A muchos les parecería un milagro. Sin embargo Catelsa, hoy Hutchinson, no es un milagro. Es el resultado del esfuerzo, la innovación, la lucha por la excelencia, la inteligencia, la voluntad, el saber estar abiertos a los cambios, poseídos por la pasión por los desafíos. Aunque la idea primitiva partiera de un vasco no cabe duda de que se debe a cacereños y ha de llenarnos de orgullo que hoy millones de automóviles monten componentes no solo fabricados aquí sino diseñados y patentados por nuestros paisanos, lo que les permite exportar tecnología.

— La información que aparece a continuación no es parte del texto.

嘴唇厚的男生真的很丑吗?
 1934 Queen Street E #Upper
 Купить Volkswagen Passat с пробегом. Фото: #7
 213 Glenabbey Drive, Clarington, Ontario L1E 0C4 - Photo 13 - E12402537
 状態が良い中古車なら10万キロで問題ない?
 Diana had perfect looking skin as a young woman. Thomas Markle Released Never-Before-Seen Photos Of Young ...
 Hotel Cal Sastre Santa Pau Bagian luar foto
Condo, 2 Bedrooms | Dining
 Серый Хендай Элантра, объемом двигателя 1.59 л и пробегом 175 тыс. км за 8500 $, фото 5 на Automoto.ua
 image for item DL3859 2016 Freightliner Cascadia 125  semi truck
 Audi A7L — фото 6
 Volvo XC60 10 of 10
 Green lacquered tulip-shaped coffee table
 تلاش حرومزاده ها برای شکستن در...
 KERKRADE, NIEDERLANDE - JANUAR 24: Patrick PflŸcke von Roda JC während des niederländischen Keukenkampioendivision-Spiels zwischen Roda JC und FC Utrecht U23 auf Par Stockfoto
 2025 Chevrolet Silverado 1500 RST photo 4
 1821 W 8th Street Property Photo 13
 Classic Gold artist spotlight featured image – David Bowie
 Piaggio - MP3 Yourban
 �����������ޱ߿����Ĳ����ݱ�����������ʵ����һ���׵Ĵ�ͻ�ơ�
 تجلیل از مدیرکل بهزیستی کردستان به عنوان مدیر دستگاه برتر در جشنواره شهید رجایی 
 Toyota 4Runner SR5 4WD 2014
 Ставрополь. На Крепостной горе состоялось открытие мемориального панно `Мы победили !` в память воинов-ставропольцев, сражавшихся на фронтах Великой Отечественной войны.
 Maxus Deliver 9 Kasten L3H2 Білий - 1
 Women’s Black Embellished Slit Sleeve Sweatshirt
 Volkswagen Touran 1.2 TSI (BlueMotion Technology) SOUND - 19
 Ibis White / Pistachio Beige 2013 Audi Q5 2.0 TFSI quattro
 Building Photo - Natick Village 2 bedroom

Esta empresa no solo brilla por su vertiente industrial sino porque ha sabido transformar a obreros sin cualificar en expertos en fabricación de complejos aparatos de la más alta tecnología, y ha convertido un centro de trabajo en una familia, ejemplo de relaciones laborales. Naturalmente, hay nombres detrás de esta gran historia y los quiero recordar con el que a mi parecer es el alma de ella, Marcelo Muriel. ¿Qué sucedería si en Cáceres hubiera unos cuantos como él, como ellos? ¿Por qué Catelsa ha sido posible y no otros? Creo que la historia de Catelsa debería ser objeto de estudio preferente en las escuelas e institutos de Cáceres y Extremadura, y no me extraña que ya lo sea en las escuelas de empresariales.